RECORDED DATA:
——

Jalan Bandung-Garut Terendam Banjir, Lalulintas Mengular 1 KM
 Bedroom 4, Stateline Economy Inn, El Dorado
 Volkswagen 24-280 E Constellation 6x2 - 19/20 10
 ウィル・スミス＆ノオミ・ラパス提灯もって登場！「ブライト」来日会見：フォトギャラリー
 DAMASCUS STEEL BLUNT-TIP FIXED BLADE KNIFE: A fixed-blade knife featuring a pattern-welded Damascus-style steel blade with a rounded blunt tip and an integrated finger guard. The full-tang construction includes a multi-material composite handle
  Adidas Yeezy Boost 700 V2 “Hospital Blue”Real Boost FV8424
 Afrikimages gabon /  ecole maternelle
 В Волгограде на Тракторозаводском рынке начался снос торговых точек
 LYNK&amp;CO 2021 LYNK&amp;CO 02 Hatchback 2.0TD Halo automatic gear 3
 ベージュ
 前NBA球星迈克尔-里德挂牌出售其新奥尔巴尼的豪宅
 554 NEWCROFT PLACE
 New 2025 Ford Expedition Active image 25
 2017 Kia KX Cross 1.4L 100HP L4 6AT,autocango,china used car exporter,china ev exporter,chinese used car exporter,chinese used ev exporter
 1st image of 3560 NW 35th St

——

YOUR GOAL: Nothing is to be left out, and every entry is to be transcribed exactly.

EXERCISE RESPONSE:
Jalan Bandung-Garut Terendam Banjir, Lalulintas Mengular 1 KM
 Bedroom 4, Stateline Economy Inn, El Dorado
 Volkswagen 24-280 E Constellation 6x2 - 19/20 10
 ウィル・スミス＆ノオミ・ラパス提灯もって登場！「ブライト」来日会見：フォトギャラリー
 DAMASCUS STEEL BLUNT-TIP FIXED BLADE KNIFE: A fixed-blade knife featuring a pattern-welded Damascus-style steel blade with a rounded blunt tip and an integrated finger guard. The full-tang construction includes a multi-material composite handle
  Adidas Yeezy Boost 700 V2 “Hospital Blue”Real Boost FV8424
 Afrikimages gabon /  ecole maternelle
 В Волгограде на Тракторозаводском рынке начался снос торговых точек
 LYNK&amp;CO 2021 LYNK&amp;CO 02 Hatchback 2.0TD Halo automatic gear 3
 ベージュ
 前NBA球星迈克尔-里德挂牌出售其新奥尔巴尼的豪宅
 554 NEWCROFT PLACE
 New 2025 Ford Expedition Active image 25
 2017 Kia KX Cross 1.4L 100HP L4 6AT,autocango,china used car exporter,china ev exporter,chinese used car exporter,chinese used ev exporter
 1st image of 3560 NW 35th St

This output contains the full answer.